Он будет где-нибудь на полярном Енисее или на Лене, где в июле ещё снег на берегах и незаходящее солнце не может развеять низких облаков. Он развернет случайно оказавшуюся газету и увидит снимок великой плотины, о которой знает весь мир. И на этом снимке сосенка, приросшая к крутой скале, смутно видна на изжеванной бумаге. А ведь он первым стоял у этой сосны: там была крохотная площадка для теодолита.

Потом он вырвет фотографию и спрячет в полевую сумку, где лежит карта с точками для будущей стройки.

XI

Все-таки наступил этот час. В ранней осенней тьме неровно просвечивает окошко. Вера топит печь, не зажигая света. Она любит так сидеть в полутьме, в красных бликах пламени.

Я тихо постучал в стекло и вошел в сени. Она уже стояла у раскрытой двери. Она прижалась ко мне.

Калитка в синеву - img_6

Смутная тревога, которой я не верил, но которая жила в душе после утренней встречи, сразу растаяла в тепле ее рук, в дыхании ее, в волосах, освещенных желтыми отсветами. Вся она была здесь. Ни одной мыслью, ни одной частичкой не отделялась от меня. Она пристала ко мне словно комок теплого душистого воска. Я мог делать с ней, что хотел. Не мог и не хотел лишь оторвать от себя.

Так мы стояли у порога. В полутьме я видел ее почти закрытые глаза, лицо, неверно очерченное робкими отсветами, ухо в раскаленной паутине волос. Я гладил ее плечи и спину, ловил каждую каплю ее тепла, каждую струйку дыхания. Я пропитывался ею и не мог насытиться, не мог нарадоваться, не мог наглядеться.

Вера оторвалась от меня.

— Иди в дом. Не стой на холоде.

Удивительно уживаются в ней самозабвение и трезвость. Я простоял бы в дверях час и больше и не подумал бы никуда идти, если б она не позвала.
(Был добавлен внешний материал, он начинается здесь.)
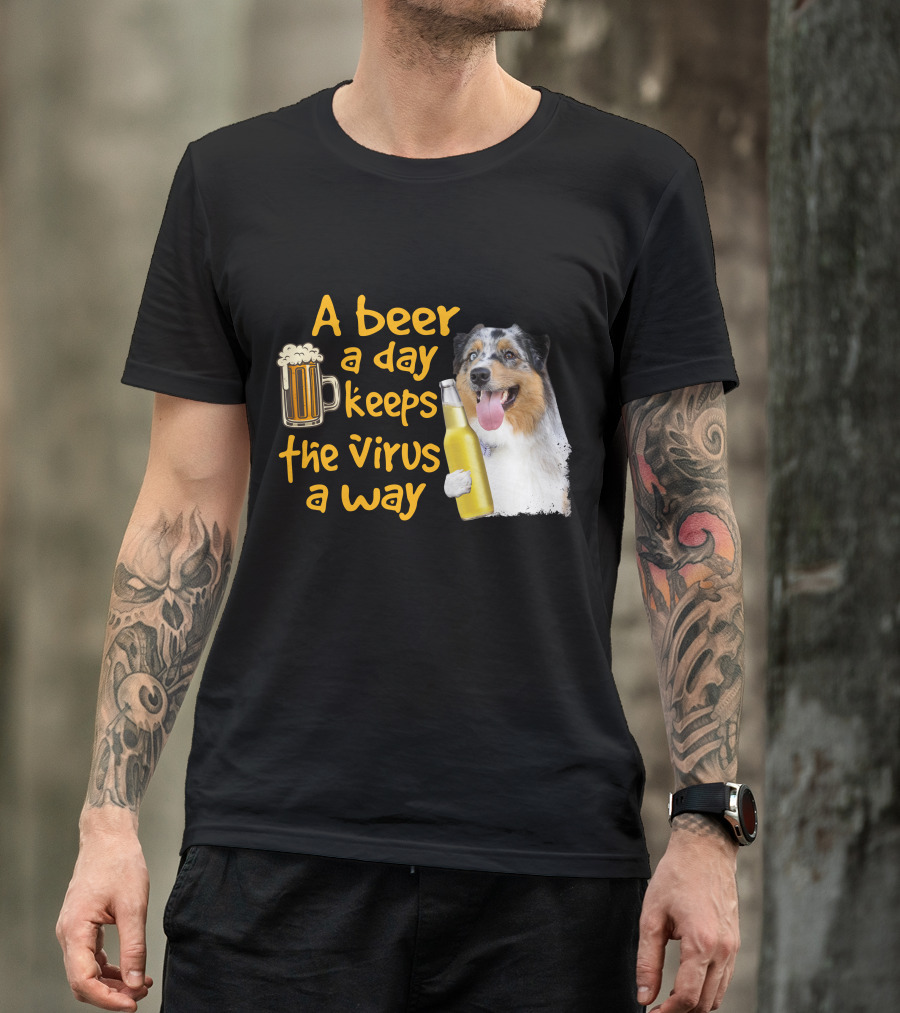 A Beer A Day Keeps The Virus Away Funny Australian Shepherd And Beer T-Shirt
Печурка из железной бочки румянилась красными пятнами. Ребята спали за перегородкой на нарах, укрывшись потрепанным зеленым одеялом. Серьга дышал в затылок Андрею.

— Давай ужинать, — сказала Вера.

И все мне не верилось, что она рядом. Я очень мешал ей. Я держал ее руки в своих, когда она ставила сковороду, я прижимался щекой к ее уху, когда она долбила кашу ложкой, я шел за ней шаг в шаг к полке за солью, в сени за пучком черемши. Я не мог оторваться от нее ни на минуту. И она не отстраняла меня, только тихо смеялась и иногда, отвернувшись от печки, дотрагивалась губами до моих губ.

Мы были одни. Мы были очень нужны друг другу. Мы ничего не помнили и не вспоминали сейчас. Мы радовались. Да, радовались близости.

Почему так недоверчивы люди к этой близости? Чем она мешает тому же Николаю Нилычу? Почему мы должны ее остерегаться? Что-то есть в такой настороженности от надуманных сухих церковных догм, от костяного перста, указующего, что можно и что нельзя. Почему нас нужно учить, как вести себя? Мы сами знаем цену горю и радости. Почему же радость нужно гнать, если она пришла не вовремя? Да и почему не вовремя? Разве для нее есть расписание?